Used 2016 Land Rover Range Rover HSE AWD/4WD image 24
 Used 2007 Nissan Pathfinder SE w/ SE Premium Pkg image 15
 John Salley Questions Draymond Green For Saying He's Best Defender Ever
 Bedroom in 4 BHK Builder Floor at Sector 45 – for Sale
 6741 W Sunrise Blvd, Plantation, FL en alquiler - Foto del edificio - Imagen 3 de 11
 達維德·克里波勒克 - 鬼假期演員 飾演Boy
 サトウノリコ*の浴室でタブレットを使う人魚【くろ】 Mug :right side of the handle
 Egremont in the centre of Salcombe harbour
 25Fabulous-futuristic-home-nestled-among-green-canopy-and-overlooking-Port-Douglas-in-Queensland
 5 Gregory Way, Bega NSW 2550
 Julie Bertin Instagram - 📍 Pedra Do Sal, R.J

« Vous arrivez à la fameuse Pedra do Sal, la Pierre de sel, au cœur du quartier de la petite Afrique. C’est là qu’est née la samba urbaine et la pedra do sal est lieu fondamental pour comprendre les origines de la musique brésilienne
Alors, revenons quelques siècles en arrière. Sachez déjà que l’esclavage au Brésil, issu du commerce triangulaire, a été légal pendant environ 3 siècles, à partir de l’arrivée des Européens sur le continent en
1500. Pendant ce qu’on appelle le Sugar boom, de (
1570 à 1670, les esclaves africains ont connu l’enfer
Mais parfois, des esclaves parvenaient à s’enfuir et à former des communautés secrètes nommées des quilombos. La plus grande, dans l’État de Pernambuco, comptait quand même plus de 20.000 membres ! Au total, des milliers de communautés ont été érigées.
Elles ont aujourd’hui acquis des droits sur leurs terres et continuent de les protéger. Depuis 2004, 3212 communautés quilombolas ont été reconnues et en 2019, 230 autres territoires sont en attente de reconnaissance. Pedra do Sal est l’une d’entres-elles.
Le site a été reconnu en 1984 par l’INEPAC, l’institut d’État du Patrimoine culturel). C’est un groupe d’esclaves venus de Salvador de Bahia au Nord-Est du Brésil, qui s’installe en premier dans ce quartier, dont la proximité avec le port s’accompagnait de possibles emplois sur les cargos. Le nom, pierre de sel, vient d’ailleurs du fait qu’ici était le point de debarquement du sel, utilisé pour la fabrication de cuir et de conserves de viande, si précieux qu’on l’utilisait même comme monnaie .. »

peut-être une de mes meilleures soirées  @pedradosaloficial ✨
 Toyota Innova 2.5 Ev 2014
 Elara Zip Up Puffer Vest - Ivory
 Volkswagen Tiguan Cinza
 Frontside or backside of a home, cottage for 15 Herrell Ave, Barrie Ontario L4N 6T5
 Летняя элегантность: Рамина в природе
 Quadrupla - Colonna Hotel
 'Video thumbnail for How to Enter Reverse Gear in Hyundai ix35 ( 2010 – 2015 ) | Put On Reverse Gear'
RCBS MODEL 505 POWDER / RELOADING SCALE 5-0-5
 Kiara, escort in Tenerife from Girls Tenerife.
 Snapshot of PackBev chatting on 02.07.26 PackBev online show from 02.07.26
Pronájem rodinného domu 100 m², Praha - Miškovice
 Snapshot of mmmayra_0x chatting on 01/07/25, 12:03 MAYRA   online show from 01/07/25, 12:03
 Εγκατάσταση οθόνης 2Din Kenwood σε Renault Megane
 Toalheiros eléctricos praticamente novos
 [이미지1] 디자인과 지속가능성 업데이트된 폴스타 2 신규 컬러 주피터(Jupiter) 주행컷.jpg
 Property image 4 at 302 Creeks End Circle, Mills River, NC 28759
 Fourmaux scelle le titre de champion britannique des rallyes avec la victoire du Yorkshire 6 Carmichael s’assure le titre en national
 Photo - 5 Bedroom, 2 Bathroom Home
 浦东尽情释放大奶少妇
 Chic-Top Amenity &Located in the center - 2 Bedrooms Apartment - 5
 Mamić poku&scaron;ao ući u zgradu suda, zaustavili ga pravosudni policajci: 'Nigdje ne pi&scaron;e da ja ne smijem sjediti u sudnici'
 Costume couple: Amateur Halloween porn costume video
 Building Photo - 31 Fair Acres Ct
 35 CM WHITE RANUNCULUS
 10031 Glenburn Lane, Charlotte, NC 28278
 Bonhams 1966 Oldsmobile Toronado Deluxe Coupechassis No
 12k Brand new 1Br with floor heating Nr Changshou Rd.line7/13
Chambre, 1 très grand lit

TASK DESCRIPTION
Count how many lines in the listing above contain the word "show", and respond with only that number.

SOLVED EXERCISE
2